Going through the material below, output exactly the lines from the one containing "Beypazarı'nda bayram namazı kılındı" through the one containing "嘉景御府4室2厅235㎡108.8万二手房图片", and no pictures.

----- DATA PROVIDED

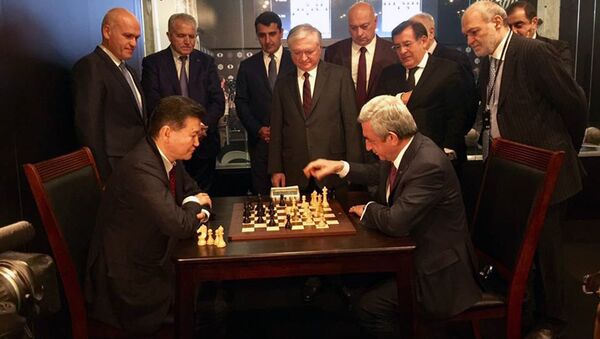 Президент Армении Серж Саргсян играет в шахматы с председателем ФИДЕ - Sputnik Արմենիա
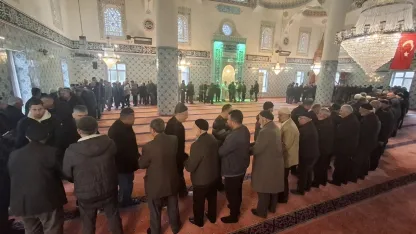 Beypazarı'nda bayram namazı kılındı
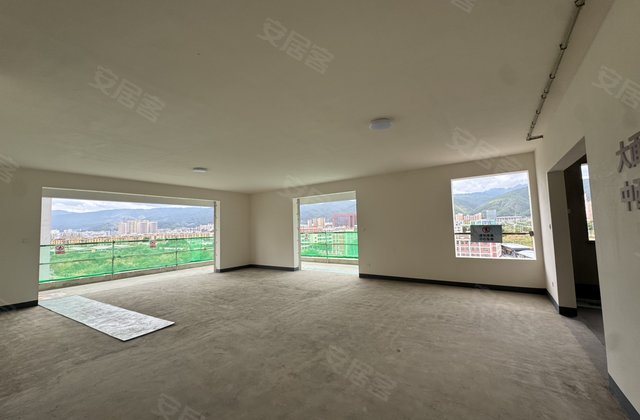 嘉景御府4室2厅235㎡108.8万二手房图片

----------
----- DATA PROVIDED

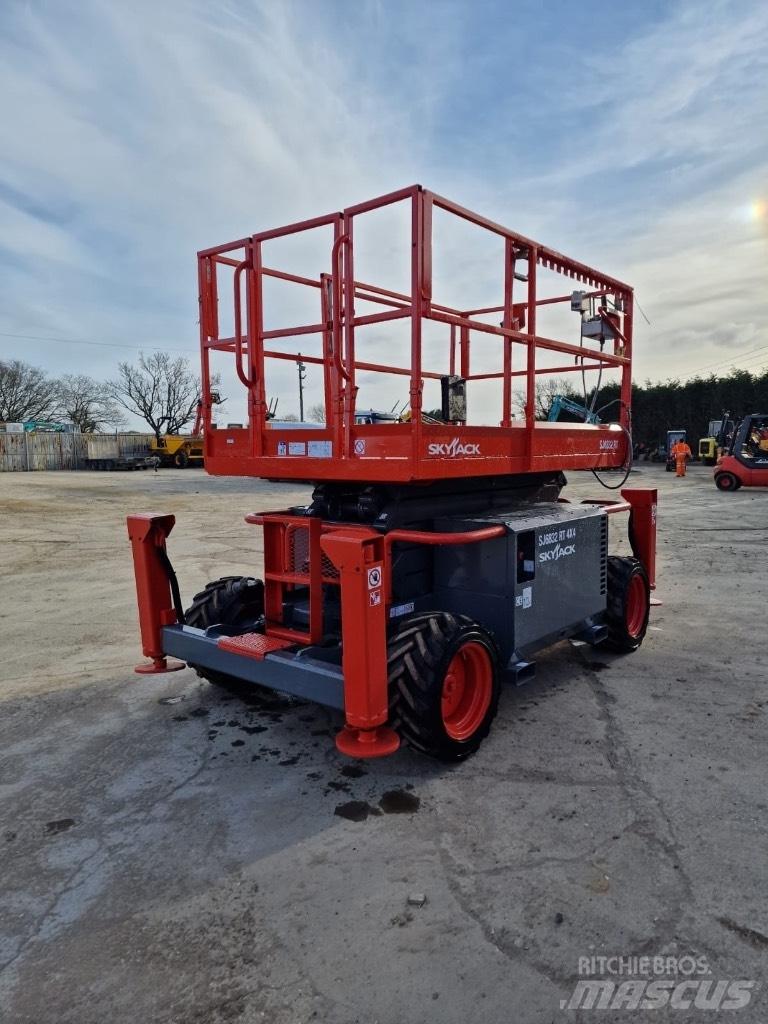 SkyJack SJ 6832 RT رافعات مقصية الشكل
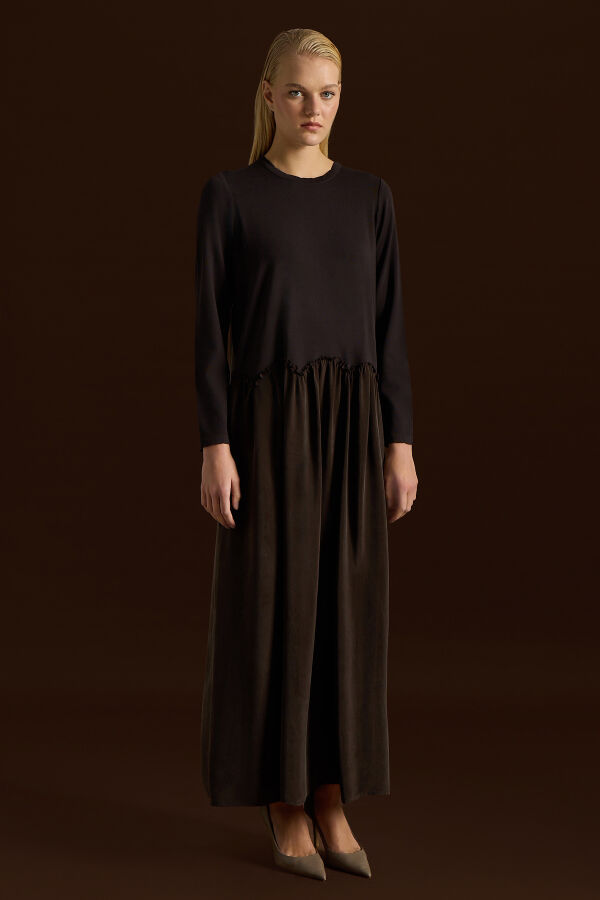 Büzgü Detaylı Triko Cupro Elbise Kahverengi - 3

----------
----- DATA PROVIDED

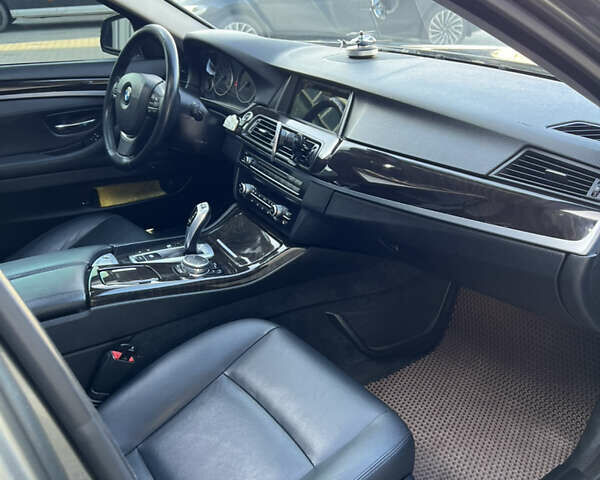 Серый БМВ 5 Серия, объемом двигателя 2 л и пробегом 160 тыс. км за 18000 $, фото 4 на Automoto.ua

----------

• SOLUTION TO THE EXERCISE:
 Beypazarı'nda bayram namazı kılındı
 嘉景御府4室2厅235㎡108.8万二手房图片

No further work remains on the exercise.